GNS ODB Crash Barrier Model
In year 2021 CDH AG acquired marketing, sales and support rights from GNS mbH to distribute the GNS FEA barrier models in America, Europe and Asia. GNS mbH is a specialist in the development of high-quality FE software solutions (e.g. GNS Animator4) and FE models for vehicle safety analysis. Since more than 20 years, GNS mbH develops highly accurate FE Crash Barrier models in close cooperation with the German and other world-wide automobile industry partners. GNS Crash Barrier FE models are used in the virtual development process for passive vehicle safety engineering calculations.

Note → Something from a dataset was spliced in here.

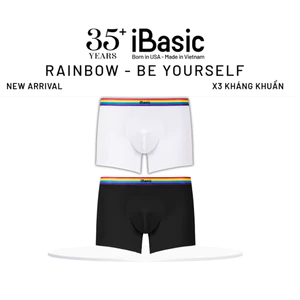 Quần lót nam Rainbow iBasic lưng sọc phom trunk cotton USA kháng khuẩn PANM163A, PANM163B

The Offset Deformable Barrier (ODB) shell model effectively implements the latest developments of LS-DYNA codes and provides users with a stable and targeted analysis.
- According to tests conducted by CATARC, our ODB barrier model has higher accuracy and more stable performance than similar products.
- Numerous dynamic tests in both the component area and the full barriers allow for consistent and finer calibration. That process goes beyond the regulated barrier control process.
- Our many years of expertise are based on the models successfully developed in specific customer projects to date.
- Simulations are compared with the results of real tests and evaluated.
- Competent technical support is available at any time.
- The Post-Processor Animator developed by GNS supports the customer in the post-processing of the results.
The specification of the ECE Regulation No. 94 (Annex 9) served as basis for the development of our Offset Deformable Barrier (ODB). The ODB model is used for assessment of frontal impact of vehicles. The goal is to comply or even to exceed the requirements, described in the regulation above. Our ODB model wants to give an ideal basis for a successful develop-ment of your vehicle structures.
|Number of Elements||1.700.000|
|Validation Code||LS-Dyna R9.3.0|
|Regulation Test||ECW R94|
The LS-Dyna model of the ODB was created to comply the stiffness requirements described in the ECE Regulation No. 94. Additionally, it was improved using multiple real test load cases to model phenomena of deformation and failure. Different impactors on various positions were used to refine our ODB model. Comparing deflection curves and recognizing optical phenomena resulting from real component tests lead to an evolved ODB model, which maps excellently a real ODB barrier.